Lanvin has been floundering since the ouster of its longtime creative director Alber Elbaz in 2015. Following a relatively brief tenure by Bouchra Jarrar, who departed a mere 16 months after her appointment, and a stint by Olivier Lapidus, who produced just two collections for Lanvin before departing in 2018, the Paris-based house, which is under new ownership and management, has placed its bets on an under-the-radar French designer named Bruno Sialelli.
31-year-old Sialelli made headlines in January when Lanvin, the fashion industry’s oldest couture house, installed him to its helm, where he is overseeing both womenswear and menswear, since the brand’s longtime menswear director Lucas Ossendrijver also left the brand not too long ago.
The announcement of Mr. Sialelli’s appointment came more than 3 months after fashion industry trade publications first began buzzing with the news that Lanvin had been in talks with the relatively little-known creative following his exit from his role as head of menswear at the LVMH Moët Hennessy Louis Vuitton-owned Loewe in either late September or early October 2018.
The delay between Sialelli’s departure from Loewe and the news that he would join Lavin was largely due, according to an array of sources, to extended negotiations with LVMH as to the terms of his non-compete agreement, the contractual provisions that place limits on the types of work an individual may accept for a certain period of time upon departing from a company for the purpose of protecting proprietary intel.
With such deliberations seemingly out of the way, Lanvin appointed Sialelli to its top spot in January and thrusted him into the spotlight shortly thereafter, with the alum of Loewe, Balenciaga, and Paco Rabanne making his debut just a month later with a Fall/Winter 2019 collection during Paris Fashion Week in late February.

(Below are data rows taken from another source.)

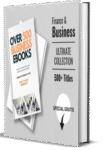 +500 Premium Business EBooks Pack + Free Email Bundle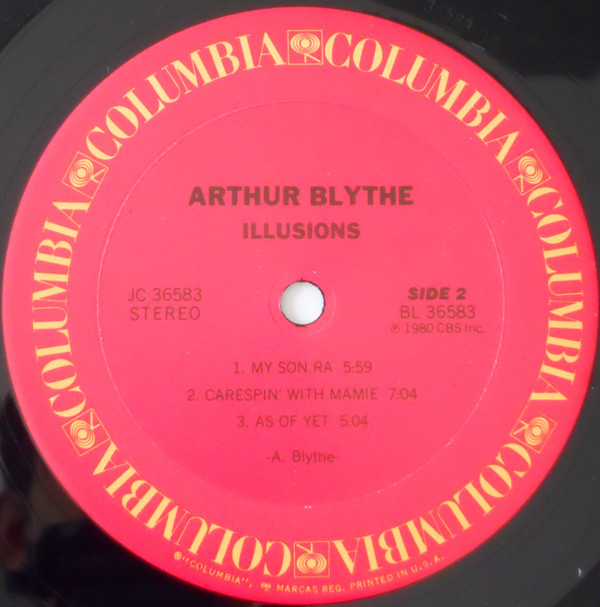 Arthur Blythe-3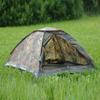 Mil-Tec h Unisex - Adult Igloo Super' Tent, Flecktarn, One Size view 2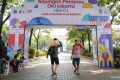 Important Visit: Pramono Harap Transaksi Jakarta Fair 2027 Capai Rp9 Triliun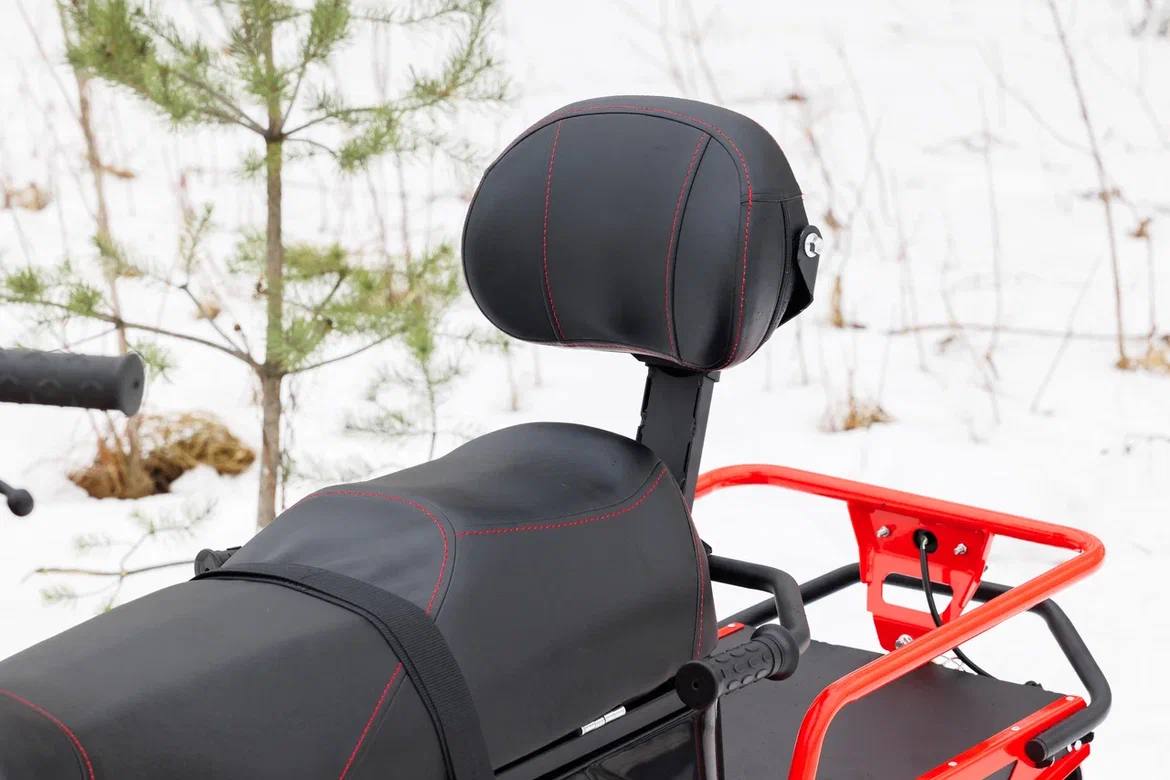 Снегоход IRBIS SF200L NEW 25/26 в Барнауле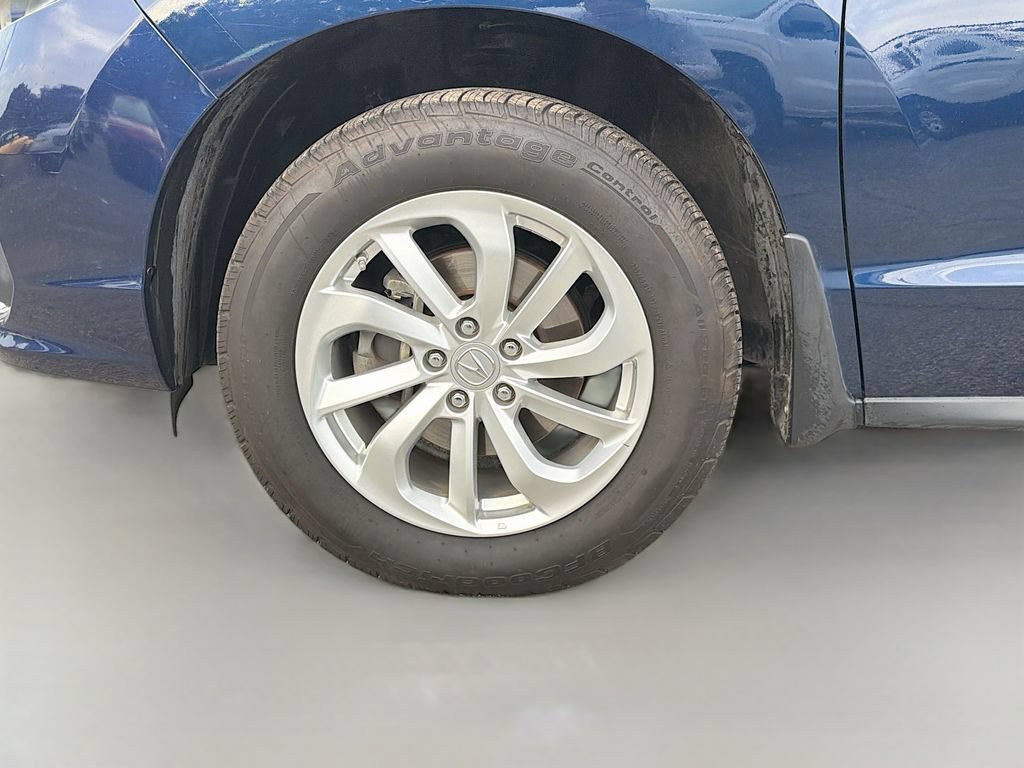 Used 2018 Acura RDX AWD w/ Technology Package image 43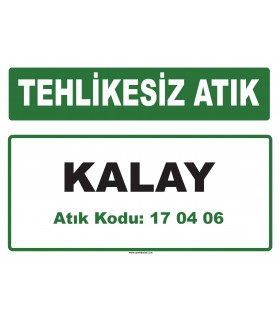 A170406 - Kalay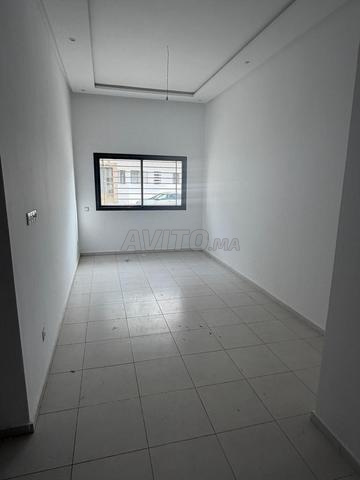 Bel appartement F4 dans une résidence à Harhoura - 2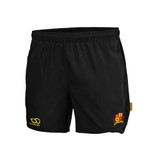 Women's Training Shorts-BOSHAM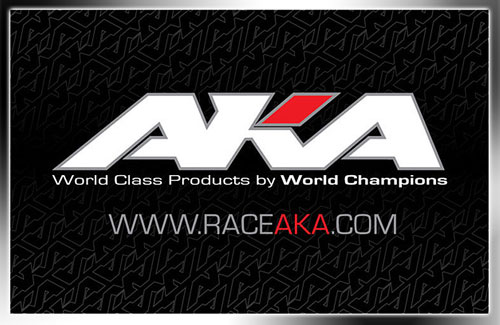 Kyosho AKA Pit Towel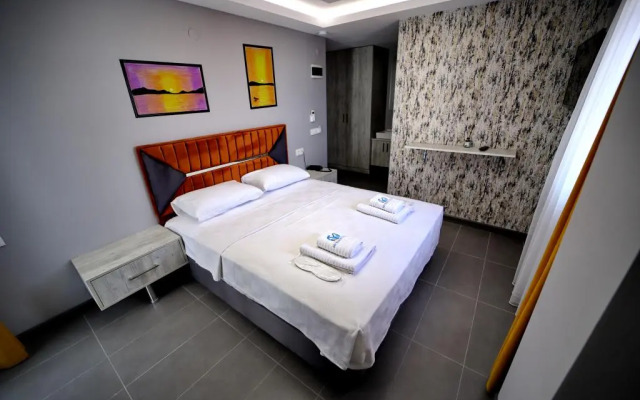 My Beach Hotel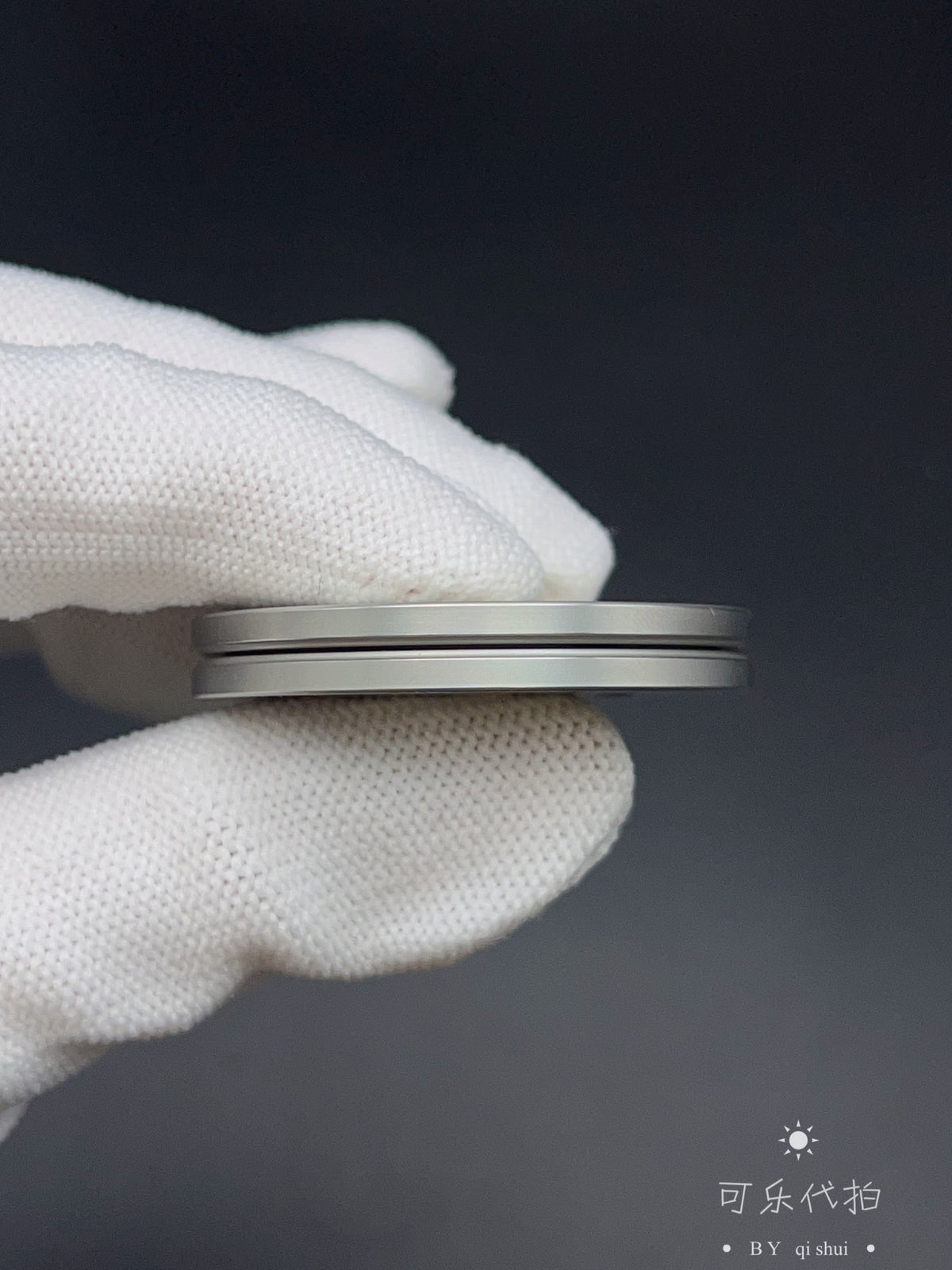 All In Stainless Steel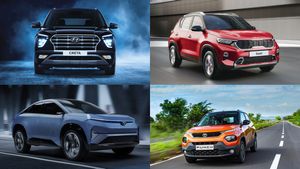 6 മാസത്തിനുള്ളില്‍ ഇത്രയും എസ്‌യുവികള്‍ വരുന്നെന്നോ! പുതിയ കാര്‍ നോക്കുന്നുണ്ടെങ്കില്‍ ഇതിലൊന്ന് വാങ്ങൂ...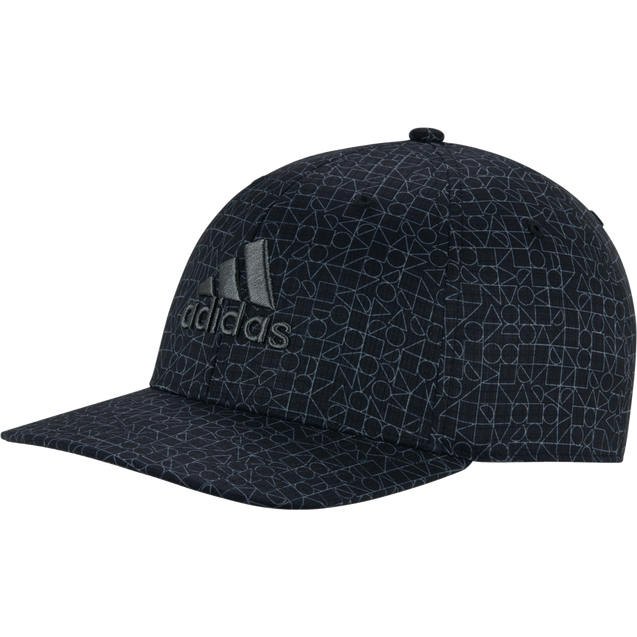 Casquette Tour à imprimé pour hommes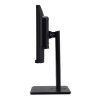 Acer Vero B278UG 27" IPS Quad HD 120Hz USB-C RJ45 Webcam Height Adjustable Docking Monitor with Speakers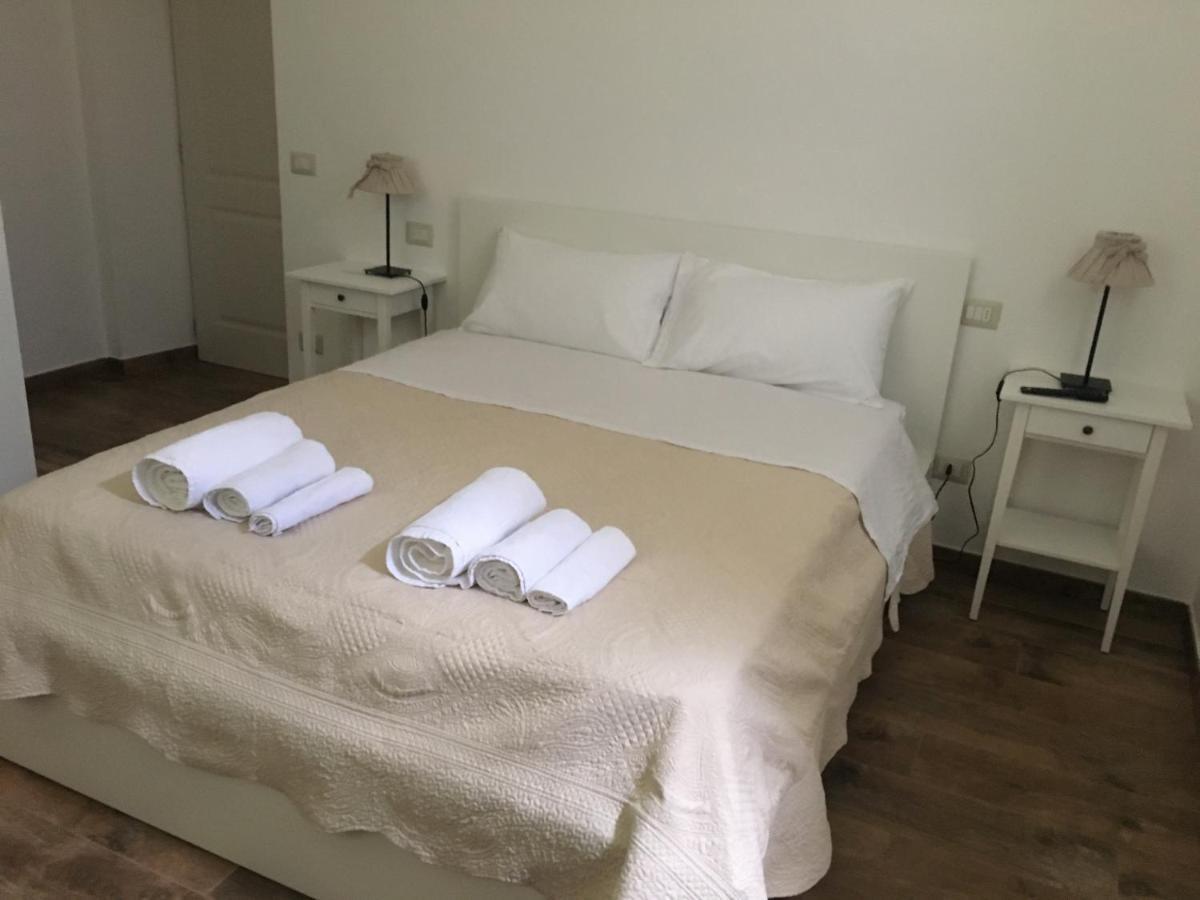 L'Acerba B&B Ascoli Piceno Extérieur photo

Now, on the heels of what was a largely well-reviewed collection, the other (fringe-adorned) shoe has dropped. According to WWD, LVMH is asserting in a French court that Sialelli is running afoul of the terms of his covenant not to compete, which is in effect until the end of May, a whopping four months longer than the designer waited before signing up with Lanvin.
While neither LVMH nor Lanvin have commented on the proceedings, counsel for both parties are expected to appear before the Tribunal de Commerce de Paris on June 14 for a preliminary conference.
The rather-routine inclusion of non-compete provisions in the contracts of highly-ranking fashion figures – which is aimed at ensuring that a brand’s impending designs, marketing strategies, and other trade secret information are shielded from competitors – has proven to be a growingly contentious issues in recent years. Not only are these terms being applied to the contracts of an increasingly large pool of individuals, their durations (at least in Europe) are being drawn out, and the definition of “competitor” is being broadened, as well.
As a result, Betsey Pearce – the behind-the-scenes deal-maker for fashion figures like Nicolas Ghesquière, Rick Owens, and Phoebe Philo – says that many companies' non-compete terms have been “extended beyond reason,” thereby enabling big brands to “hoard talent by locking in workers who might otherwise move to more attractive positions elsewhere.”
Against this background, the workings of these legal provisions, ones that were almost always dealt with in a behind-the-scenes capacity, are garnering mainstream attention. For instance, just two years ago, former Yves Saint Laurent creative director Hedi Slimane initiated a lawsuit against the Paris-based design house for failing to honor the non-compete in his contract. Slimane argued that upon leaving YSL, the brand did not uphold the clause, along with the corresponding financial element. A French labor court has since ordered YSL to pay him $13 million in connection with the contract terms.
Right around the same time, an ugly battle broke out between rivals Oscar de la Renta and Carolina Herrera over the terms of the non-compete agreement for de la Renta’s current co-creative director (and former Herrera design director), Laura Kim. Before that, Nike waged against 3 high-level creatives who jumped ship to adidas allegedly in violation of their non-compete agreements.
Still yet, it was well known that LVMH is particularly fierce when it comes to drafting and enforcing non-compete provisions. After all, it was an ironclad non-complete that prevented Raf Simons from making a swift transition from his role as creative director of Christian Dior to the top position at Calvin Klein, and former Celine CEO, Marco Gobbetti, from quickly transitioning to the same role at Burberry.